我希望了解农田如何支持野生动物,以及农民、科学家、志愿者与政府工作人员之间如何在这个交界点互动。
生态监测
调整红外相机、读取拍摄数据
我们的主要任务是维护安装在稻田和森林边缘的红外相机。红外相机是一种运动触发设备,可自动拍摄野生动物的照片或视频,特别适合监测害羞或夜行性动物,无需人员时刻在场。我们检查相机、替换电池和内存卡,并调整拍摄角度。有些相机因牛在夜间放养被撞偏了方向。
这个监测设置的目的是记录物种的出现、活动模式,并对比使用农药/化肥与不使用农药/化肥的农田之间生物多样性的差异。这些成对设置的地块(一块常规耕作,一块低投入生态耕作)是一个试验项目的一部分,旨在评估生态农业对野生动物的影响。
图1 左:家明的观鸟镜头;中:永睿模拟雉鸡的高度;右:小杨搬着修理红外相机的工具
除了红外相机监测,我们还参与了鸟类和两栖动物的调查。鸟类调查在清晨进行,志愿者在靠近河流和田边的采样点定点观察,通过声音或目视记录鸟类种类。夜晚则寻找蛙类等两栖动物,主要集中在稻田湿润的边缘区域。由于两栖动物对化学品和栖息地变化非常敏感,因此是生态环境变化的良好指示物种。
图2 我们把调查中见到的一些动物用“八大山人”风格重新画了下来。
我们工作的一处点位在山上较高处。那里的一台红外相机拍到了五只成群结队的豪猪。另一台安装在森林山脊交汇处的相机则多次拍到了小麂的活动。
与农民交谈
图3 一位阿姨模仿“看到人就一动不动”的聪明青蛙,引来大家大笑。
我们在调整相机或经过农田时经常与村民交流。很多人会停下问我们在干什么。一位大爷看到我们在稻田边架设设备,问我们是不是装火警的。另一位听力不好的大爷以为我们是来修高速公路的施工队。这些误会往往成为更深入对话的起点。

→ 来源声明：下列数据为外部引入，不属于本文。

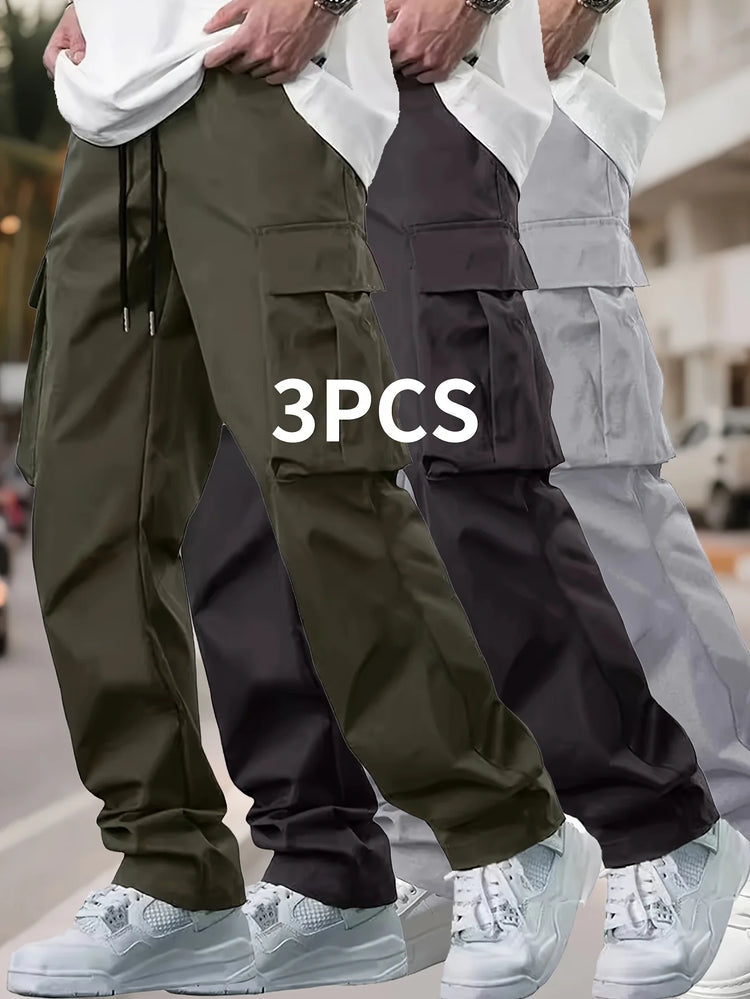 3 Pc Spring and Autumn New Men's Cordwork Pants, Drawstring Multi-Pocket Casual Cordwork Pants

一位退休语文老师现在在朱鹮保护区旁边继续务农。他告诉我们,这些珍稀鸟类在2021年被圈养繁殖后重新放归自然。他说因为朱鹮食物不足,工作人员特意向稻田里投放了泥鳅。我们一起走回村庄时,他边走边指出附近种的农作物,基本上是自给自足型:玉米、芋头、油茶、茶树、辣椒、四季豆、李子、茄子、卷心菜、土豆。

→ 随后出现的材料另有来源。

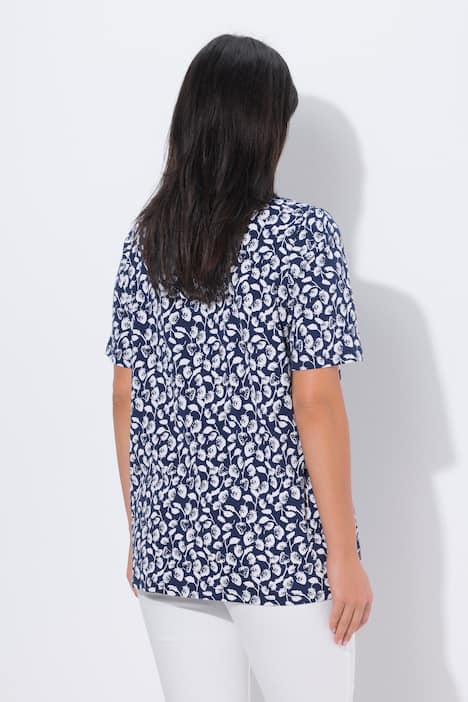 T-Shirt, Erdbeeren, Zierfalten, A-Linie, Rundhals, Halbarm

很多农民都提到青蛙和蝌蚪明显减少。一位阿姨说:“蝌蚪年年都死光了”,她认为是因为农药使用。一位山边的农民告诉我们,以前农民会烧秸秆、杂草和落叶,做成灰肥。他补充说,近年来村民被搬离山上是为了减少火灾风险,现在只要冒一点烟,政府的消防队就会立即出现。
土地政策与地方执行
图4 1776年的石碑,刻有禁砍树和偷油的规则,被用作中国古代“禁伐护林”传统的证据。
该地区的重要背景政策之一是“地役权”制度。农民可以通过签署协议获取生态补偿,但前提是不能使用农药化肥,只能种植像水稻这样的口粮作物,不能种茶这类经济作物。

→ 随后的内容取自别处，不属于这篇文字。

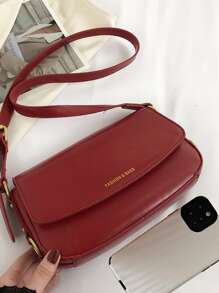 字母圖案翻蓋法棍包 - 紅色 - 查看 4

此外,只有规模化种植户或合作社才有资格和政府协商补贴事宜,因为中央政府倾向于统一管理。这些大户逐步从村民手中租赁土地,成为新的决策中心。
焚烧秸秆的禁令是另一个焦点议题。用灰肥施田是便宜有效的传统做法。一位农民说:“田埂、水渠、没有燃料,本来就是天然的防火带,我睡个午觉都不会烧过去。”
然而自1980年代末以来,国家在特定防火期内实施了严格的禁烧政策。1987年大兴安岭特大森林火灾后,1993年出台了全国范围的秸秆焚烧禁令,2015年修订的《大气污染防治法》更是对违规者处以罚款乃至刑责,不论地方地形和传统。
虽然“规定性焚烧”在森林管理中被有限地允许,但在农田中几乎不会获批。唐头村的农民对此表示无奈,他们认为自己的经验和安全操作被忽视。这些禁令太“一刀切”,脱离他们田间操作的实际,而且没有考虑灰肥对土壤肥力的重要性。有位村民说:“现在一冒烟,警报响,消防车就来了。”他认为这是过度监控的体现。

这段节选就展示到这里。